The Media Change & Innovation Division analyzes driving forces, the evolution, the impact and the governance of media change. It investigates technical, social, economic and political innovations and focuses on social science aspects of mediatisation/information society, emphasizing in particular the phenomenon of convergence and the Internet.
Please find all current and past projects here: Research projects
Exemplary research questions include:
Driving forces:
- How can media change be theoretically grasped?
- How do innovations occur?
- How do technical, economic, political and social change interrelate?
Evolution:
- What diffusion patterns of the Internet and New Media are discernable?
- How can the diffusion patterns be explained?
Impact:
- What consequences arise for the economics and politics of communications in general, and for communications research in particular?
- What business models (value propositions, value chains, revenues) characterize the Internet and New Media?
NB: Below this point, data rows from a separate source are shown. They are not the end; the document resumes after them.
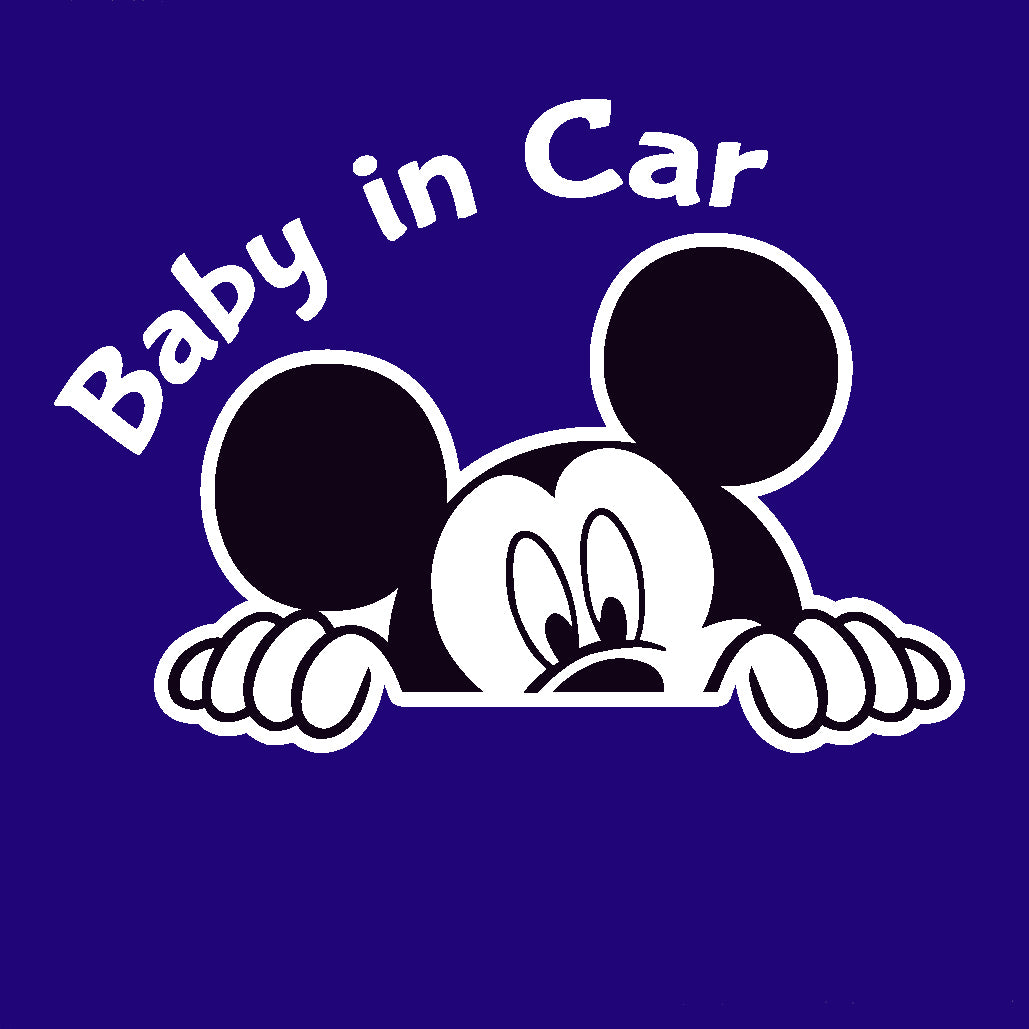 Baby On Board Mickey Mouse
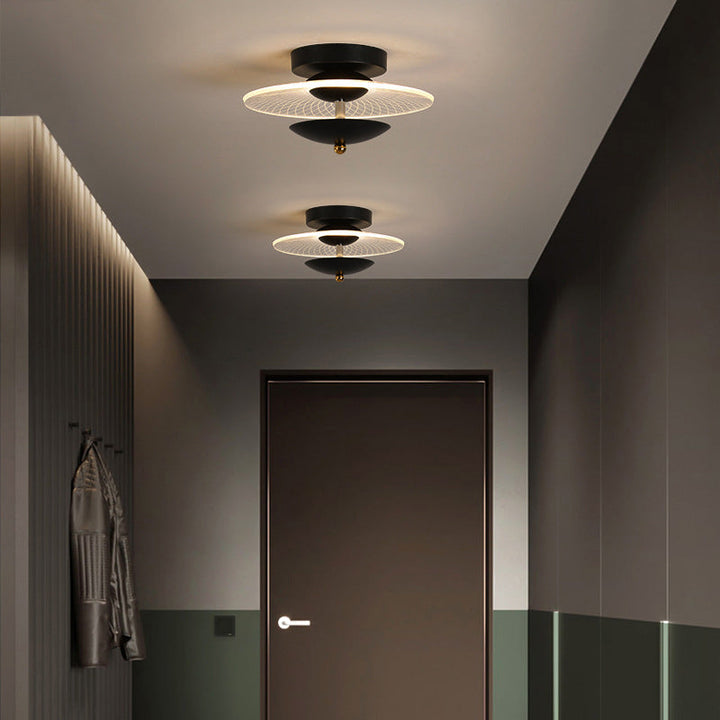 Contemporary Creative Acrylic Nordic Creative Flower LED Flush Mount Light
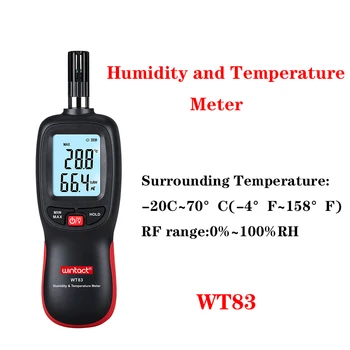 5 шт. Высокоточный Ручной цифровой измеритель влажности и температуры WT83 Контроллер Измеритель влажности на открытом воздухе ЖК-дисплей Датчик Тестер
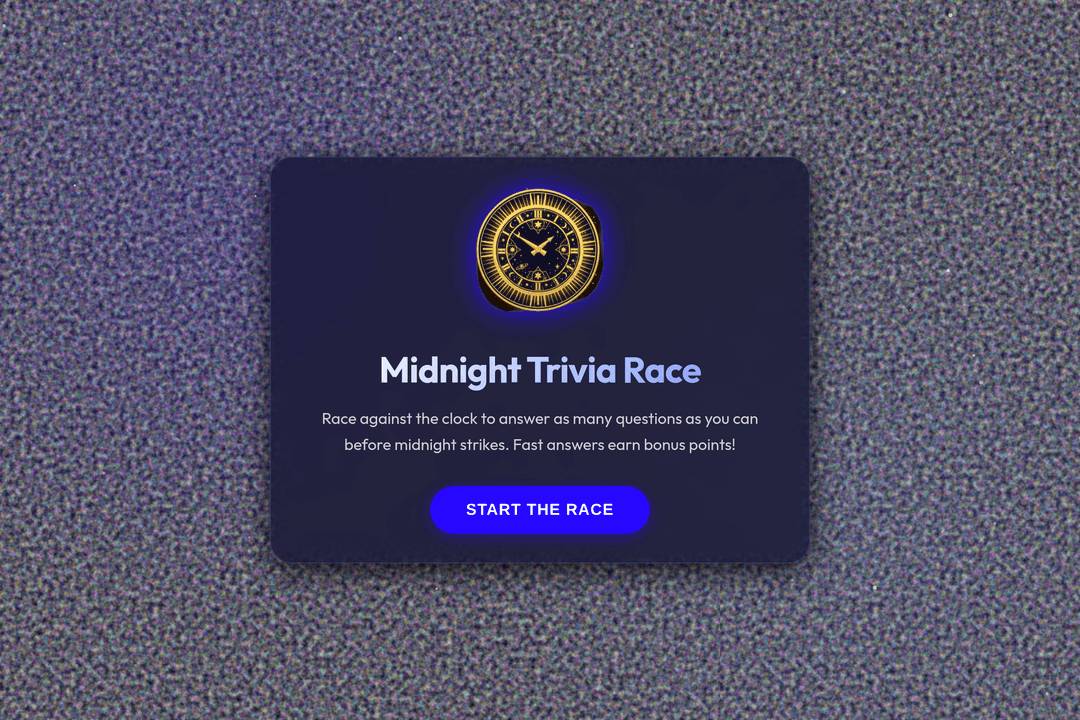 Midnight Trivia Race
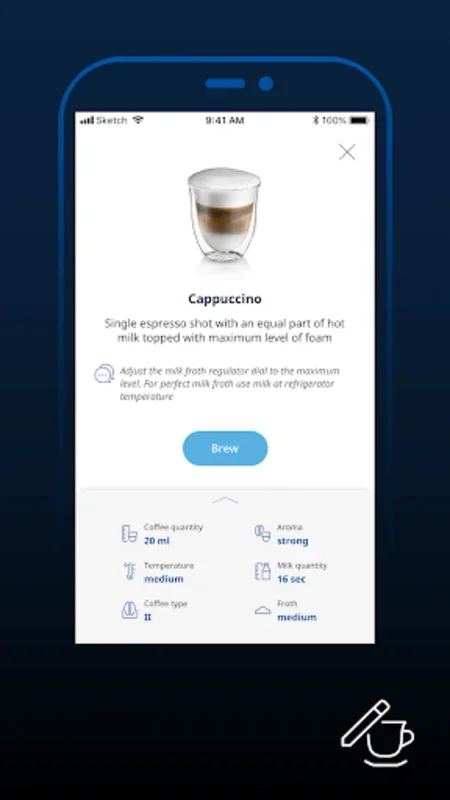 De’Longhi Coffee Link RU,BY,KZ for Android: Customize Your Coffee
How do market structures change?
- Are traditional media substituted by new media?
- What are the implications for public service broadcasting?
- What are the consequences for communications theory?
- What are the social consequences of media change in general and on data and consumer protection and the digital divide in particular?
- What are the consequences for media concentration control?
Governance/Controllability:
- To what extent is media change controllable and shapeable?
- What patterns of governance emerge for the convergent communications sector and for the Internet in particular?
- Does media convergence entail the end of sector-specific regulation and what is the standing of competition law?
- How does the role of the state change in the convergent communications sector, how important are self- and co-regulation?